THE PROBLEM :: Give every line of the records exactly, please, from the first up to and including the one containing "Charming In Heart Of Marais 아파트".

[Dataset items]
>>>

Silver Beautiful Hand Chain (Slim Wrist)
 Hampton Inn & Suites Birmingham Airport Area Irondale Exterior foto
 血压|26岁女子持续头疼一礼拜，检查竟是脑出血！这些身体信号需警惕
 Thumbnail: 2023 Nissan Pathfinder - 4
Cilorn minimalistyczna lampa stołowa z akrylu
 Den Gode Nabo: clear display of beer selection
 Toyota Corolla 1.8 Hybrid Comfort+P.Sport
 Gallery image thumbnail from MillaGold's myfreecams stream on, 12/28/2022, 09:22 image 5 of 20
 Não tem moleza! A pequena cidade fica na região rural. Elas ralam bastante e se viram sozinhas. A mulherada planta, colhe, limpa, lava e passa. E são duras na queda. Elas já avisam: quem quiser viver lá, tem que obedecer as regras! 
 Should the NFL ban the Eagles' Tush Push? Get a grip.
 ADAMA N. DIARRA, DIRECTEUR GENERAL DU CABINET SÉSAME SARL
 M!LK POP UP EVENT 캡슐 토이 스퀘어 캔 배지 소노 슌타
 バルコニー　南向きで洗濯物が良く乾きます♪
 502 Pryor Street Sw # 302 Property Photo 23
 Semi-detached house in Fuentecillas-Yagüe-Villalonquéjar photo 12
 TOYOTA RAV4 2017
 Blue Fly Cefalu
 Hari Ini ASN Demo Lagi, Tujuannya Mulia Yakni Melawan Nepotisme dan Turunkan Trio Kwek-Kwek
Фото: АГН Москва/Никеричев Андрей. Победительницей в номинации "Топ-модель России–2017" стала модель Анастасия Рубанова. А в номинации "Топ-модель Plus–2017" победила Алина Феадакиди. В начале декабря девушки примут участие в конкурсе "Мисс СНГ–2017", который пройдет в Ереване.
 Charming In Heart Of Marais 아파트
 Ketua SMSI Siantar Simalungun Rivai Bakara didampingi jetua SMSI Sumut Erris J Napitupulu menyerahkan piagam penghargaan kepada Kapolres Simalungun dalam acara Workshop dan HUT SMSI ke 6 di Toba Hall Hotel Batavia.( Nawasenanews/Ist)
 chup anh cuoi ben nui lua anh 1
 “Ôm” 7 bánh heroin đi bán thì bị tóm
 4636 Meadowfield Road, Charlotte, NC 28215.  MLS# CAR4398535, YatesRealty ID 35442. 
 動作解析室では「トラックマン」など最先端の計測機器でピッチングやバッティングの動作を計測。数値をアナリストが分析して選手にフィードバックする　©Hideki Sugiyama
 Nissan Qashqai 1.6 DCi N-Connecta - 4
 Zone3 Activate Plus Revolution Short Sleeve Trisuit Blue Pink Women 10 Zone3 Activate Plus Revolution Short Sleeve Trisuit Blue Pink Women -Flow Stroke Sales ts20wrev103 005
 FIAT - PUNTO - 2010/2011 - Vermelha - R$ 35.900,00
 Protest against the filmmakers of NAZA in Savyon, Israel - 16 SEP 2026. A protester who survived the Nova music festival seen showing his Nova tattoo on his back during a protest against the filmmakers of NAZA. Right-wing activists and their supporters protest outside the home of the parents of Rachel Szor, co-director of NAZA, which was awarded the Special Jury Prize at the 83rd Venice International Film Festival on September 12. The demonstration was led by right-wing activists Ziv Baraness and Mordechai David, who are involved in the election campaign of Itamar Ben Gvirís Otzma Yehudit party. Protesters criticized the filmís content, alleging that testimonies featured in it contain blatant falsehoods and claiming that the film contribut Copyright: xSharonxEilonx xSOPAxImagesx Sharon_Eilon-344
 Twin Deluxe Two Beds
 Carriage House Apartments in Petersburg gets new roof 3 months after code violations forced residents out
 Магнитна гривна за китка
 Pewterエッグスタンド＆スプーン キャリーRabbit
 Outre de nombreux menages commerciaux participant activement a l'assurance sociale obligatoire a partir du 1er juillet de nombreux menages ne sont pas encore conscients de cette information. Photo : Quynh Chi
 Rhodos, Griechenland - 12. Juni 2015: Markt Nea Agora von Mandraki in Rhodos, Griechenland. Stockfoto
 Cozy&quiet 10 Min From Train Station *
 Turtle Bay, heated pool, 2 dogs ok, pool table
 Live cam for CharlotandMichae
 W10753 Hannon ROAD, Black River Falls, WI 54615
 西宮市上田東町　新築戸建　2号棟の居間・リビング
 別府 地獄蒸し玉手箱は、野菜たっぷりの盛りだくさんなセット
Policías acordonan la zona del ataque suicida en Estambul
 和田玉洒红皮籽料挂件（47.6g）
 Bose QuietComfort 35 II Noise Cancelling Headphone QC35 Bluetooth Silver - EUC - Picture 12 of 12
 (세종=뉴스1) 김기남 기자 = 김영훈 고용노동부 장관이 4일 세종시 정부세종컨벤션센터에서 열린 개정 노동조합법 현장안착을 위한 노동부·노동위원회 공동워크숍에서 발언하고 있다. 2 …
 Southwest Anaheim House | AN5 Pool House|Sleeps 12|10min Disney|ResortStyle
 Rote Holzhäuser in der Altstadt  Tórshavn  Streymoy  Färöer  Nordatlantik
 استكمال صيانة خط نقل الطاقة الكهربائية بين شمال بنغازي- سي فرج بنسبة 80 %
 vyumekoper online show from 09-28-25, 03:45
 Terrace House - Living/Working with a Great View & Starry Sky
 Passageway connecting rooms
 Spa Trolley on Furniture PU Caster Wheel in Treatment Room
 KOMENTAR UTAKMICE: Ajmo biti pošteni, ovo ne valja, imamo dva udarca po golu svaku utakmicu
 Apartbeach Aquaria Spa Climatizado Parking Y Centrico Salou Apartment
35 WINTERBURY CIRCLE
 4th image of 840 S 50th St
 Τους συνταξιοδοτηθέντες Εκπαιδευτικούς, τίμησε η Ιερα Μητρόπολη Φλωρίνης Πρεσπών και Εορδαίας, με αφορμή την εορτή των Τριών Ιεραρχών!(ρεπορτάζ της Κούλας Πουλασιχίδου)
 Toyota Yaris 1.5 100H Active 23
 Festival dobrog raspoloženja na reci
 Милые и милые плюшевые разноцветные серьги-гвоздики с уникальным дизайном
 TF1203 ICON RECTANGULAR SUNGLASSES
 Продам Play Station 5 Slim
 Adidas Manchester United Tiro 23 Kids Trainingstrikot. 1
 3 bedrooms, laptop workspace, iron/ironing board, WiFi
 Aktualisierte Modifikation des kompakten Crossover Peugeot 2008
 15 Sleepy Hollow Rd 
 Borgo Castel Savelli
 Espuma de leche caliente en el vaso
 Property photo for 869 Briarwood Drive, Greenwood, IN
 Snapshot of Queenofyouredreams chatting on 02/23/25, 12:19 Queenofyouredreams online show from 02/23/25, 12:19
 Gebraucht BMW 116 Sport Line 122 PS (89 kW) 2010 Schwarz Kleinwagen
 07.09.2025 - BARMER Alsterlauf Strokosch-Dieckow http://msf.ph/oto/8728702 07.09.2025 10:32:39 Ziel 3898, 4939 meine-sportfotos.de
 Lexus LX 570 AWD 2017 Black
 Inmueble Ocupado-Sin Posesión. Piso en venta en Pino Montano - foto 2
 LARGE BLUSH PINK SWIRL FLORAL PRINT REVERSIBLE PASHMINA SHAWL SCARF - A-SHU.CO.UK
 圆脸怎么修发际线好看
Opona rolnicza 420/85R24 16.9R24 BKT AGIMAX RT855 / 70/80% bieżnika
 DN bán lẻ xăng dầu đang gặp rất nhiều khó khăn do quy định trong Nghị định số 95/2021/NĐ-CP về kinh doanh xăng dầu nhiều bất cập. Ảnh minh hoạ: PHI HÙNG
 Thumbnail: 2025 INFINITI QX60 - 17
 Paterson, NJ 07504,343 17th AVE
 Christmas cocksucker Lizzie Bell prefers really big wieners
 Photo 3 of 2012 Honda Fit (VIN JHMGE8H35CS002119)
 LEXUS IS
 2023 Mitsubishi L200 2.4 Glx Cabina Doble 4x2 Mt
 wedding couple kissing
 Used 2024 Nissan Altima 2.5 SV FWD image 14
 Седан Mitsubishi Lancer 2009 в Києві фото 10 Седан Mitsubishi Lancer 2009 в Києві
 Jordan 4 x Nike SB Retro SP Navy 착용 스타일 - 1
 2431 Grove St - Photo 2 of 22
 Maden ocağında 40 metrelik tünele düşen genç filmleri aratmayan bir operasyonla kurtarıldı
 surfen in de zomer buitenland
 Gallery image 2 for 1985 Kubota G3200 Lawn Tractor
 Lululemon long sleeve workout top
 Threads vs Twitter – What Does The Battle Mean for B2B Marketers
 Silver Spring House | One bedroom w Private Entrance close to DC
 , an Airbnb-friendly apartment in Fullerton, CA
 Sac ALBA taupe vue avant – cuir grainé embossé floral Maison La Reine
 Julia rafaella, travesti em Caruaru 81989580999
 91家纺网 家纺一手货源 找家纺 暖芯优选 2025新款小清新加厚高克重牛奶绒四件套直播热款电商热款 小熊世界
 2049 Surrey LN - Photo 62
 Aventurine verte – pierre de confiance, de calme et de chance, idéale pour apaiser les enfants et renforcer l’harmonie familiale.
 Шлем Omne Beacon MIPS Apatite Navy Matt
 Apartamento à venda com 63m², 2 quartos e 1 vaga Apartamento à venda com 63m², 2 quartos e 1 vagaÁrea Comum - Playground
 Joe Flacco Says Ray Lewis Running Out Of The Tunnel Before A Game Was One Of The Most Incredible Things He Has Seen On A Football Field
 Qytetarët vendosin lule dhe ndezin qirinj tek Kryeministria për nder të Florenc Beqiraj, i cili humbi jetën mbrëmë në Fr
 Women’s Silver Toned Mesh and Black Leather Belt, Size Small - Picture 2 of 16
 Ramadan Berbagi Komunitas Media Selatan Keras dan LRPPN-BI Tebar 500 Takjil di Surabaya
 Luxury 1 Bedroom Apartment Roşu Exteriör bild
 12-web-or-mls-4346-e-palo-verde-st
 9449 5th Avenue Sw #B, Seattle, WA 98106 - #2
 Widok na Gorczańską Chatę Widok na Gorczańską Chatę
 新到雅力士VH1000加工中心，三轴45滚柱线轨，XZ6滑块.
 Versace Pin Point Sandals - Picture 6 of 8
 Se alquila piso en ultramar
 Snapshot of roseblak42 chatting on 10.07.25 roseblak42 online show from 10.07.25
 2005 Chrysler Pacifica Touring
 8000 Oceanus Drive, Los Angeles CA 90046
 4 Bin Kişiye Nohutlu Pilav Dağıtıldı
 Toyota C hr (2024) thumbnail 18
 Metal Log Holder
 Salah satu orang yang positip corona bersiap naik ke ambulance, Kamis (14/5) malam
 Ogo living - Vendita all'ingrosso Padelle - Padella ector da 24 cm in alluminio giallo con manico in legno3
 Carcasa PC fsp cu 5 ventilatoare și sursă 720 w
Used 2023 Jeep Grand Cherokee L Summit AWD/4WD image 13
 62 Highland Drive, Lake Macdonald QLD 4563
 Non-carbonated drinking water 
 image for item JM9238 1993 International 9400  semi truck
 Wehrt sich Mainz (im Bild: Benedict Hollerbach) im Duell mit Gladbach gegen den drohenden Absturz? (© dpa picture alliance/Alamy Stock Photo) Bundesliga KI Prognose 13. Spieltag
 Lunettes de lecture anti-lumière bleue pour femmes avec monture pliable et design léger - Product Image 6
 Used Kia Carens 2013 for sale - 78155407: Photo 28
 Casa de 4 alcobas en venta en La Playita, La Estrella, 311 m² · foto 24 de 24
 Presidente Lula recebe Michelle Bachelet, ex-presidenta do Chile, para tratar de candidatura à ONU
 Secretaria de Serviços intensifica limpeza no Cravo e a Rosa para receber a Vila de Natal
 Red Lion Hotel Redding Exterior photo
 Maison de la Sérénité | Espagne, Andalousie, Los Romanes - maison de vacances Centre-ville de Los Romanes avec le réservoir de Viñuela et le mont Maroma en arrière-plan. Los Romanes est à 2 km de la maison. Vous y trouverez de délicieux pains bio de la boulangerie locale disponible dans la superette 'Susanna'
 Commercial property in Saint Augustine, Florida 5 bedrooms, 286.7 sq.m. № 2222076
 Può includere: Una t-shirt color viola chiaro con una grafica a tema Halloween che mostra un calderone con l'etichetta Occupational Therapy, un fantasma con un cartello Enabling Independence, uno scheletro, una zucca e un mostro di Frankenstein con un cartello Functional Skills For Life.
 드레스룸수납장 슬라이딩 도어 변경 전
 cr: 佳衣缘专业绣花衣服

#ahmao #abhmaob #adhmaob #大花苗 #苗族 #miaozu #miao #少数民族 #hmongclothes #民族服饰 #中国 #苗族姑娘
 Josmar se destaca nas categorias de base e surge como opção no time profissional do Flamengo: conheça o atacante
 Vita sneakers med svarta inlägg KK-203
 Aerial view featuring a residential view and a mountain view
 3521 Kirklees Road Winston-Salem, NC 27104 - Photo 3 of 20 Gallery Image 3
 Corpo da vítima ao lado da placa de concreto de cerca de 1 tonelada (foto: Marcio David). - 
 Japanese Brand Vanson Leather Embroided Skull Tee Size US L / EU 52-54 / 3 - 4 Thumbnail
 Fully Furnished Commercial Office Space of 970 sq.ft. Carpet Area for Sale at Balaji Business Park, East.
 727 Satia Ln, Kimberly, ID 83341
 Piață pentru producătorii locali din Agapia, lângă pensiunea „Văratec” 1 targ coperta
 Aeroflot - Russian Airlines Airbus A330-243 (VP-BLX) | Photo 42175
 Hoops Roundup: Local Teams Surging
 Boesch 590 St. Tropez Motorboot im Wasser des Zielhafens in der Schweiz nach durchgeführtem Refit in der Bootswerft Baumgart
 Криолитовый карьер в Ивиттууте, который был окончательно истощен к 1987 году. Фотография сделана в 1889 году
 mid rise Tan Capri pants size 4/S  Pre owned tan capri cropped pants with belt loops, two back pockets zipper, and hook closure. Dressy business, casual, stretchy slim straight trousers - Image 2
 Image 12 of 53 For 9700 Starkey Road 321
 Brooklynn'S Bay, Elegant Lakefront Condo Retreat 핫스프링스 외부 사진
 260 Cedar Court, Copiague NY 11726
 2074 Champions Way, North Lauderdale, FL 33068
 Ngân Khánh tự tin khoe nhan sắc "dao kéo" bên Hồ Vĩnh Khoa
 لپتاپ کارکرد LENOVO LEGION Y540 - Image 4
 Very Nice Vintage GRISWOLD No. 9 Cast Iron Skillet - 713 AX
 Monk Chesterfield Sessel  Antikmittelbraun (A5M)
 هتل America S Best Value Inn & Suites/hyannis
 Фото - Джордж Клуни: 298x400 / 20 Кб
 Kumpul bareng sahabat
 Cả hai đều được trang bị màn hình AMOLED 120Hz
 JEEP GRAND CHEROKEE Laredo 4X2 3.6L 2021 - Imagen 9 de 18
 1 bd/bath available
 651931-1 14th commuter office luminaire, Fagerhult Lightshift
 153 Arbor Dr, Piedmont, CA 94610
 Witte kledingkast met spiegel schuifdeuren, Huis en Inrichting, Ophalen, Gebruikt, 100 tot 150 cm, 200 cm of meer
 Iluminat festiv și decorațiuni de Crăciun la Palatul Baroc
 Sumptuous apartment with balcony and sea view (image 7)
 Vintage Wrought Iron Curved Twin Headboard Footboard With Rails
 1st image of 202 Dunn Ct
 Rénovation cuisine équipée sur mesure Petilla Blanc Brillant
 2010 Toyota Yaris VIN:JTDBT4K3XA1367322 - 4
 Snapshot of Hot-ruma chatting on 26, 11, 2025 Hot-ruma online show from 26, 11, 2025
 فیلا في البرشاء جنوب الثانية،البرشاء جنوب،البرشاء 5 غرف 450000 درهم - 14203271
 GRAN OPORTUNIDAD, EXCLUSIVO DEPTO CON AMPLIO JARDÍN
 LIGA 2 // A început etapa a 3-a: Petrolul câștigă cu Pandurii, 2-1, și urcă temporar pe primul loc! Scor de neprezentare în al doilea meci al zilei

<<<

SOLUTION FOR THIS EXERCISE ::
Silver Beautiful Hand Chain (Slim Wrist)
 Hampton Inn & Suites Birmingham Airport Area Irondale Exterior foto
 血压|26岁女子持续头疼一礼拜，检查竟是脑出血！这些身体信号需警惕
 Thumbnail: 2023 Nissan Pathfinder - 4
Cilorn minimalistyczna lampa stołowa z akrylu
 Den Gode Nabo: clear display of beer selection
 Toyota Corolla 1.8 Hybrid Comfort+P.Sport
 Gallery image thumbnail from MillaGold's myfreecams stream on, 12/28/2022, 09:22 image 5 of 20
 Não tem moleza! A pequena cidade fica na região rural. Elas ralam bastante e se viram sozinhas. A mulherada planta, colhe, limpa, lava e passa. E são duras na queda. Elas já avisam: quem quiser viver lá, tem que obedecer as regras! 
 Should the NFL ban the Eagles' Tush Push? Get a grip.
 ADAMA N. DIARRA, DIRECTEUR GENERAL DU CABINET SÉSAME SARL
 M!LK POP UP EVENT 캡슐 토이 스퀘어 캔 배지 소노 슌타
 バルコニー　南向きで洗濯物が良く乾きます♪
 502 Pryor Street Sw # 302 Property Photo 23
 Semi-detached house in Fuentecillas-Yagüe-Villalonquéjar photo 12
 TOYOTA RAV4 2017
 Blue Fly Cefalu
 Hari Ini ASN Demo Lagi, Tujuannya Mulia Yakni Melawan Nepotisme dan Turunkan Trio Kwek-Kwek
Фото: АГН Москва/Никеричев Андрей. Победительницей в номинации "Топ-модель России–2017" стала модель Анастасия Рубанова. А в номинации "Топ-модель Plus–2017" победила Алина Феадакиди. В начале декабря девушки примут участие в конкурсе "Мисс СНГ–2017", который пройдет в Ереване.
 Charming In Heart Of Marais 아파트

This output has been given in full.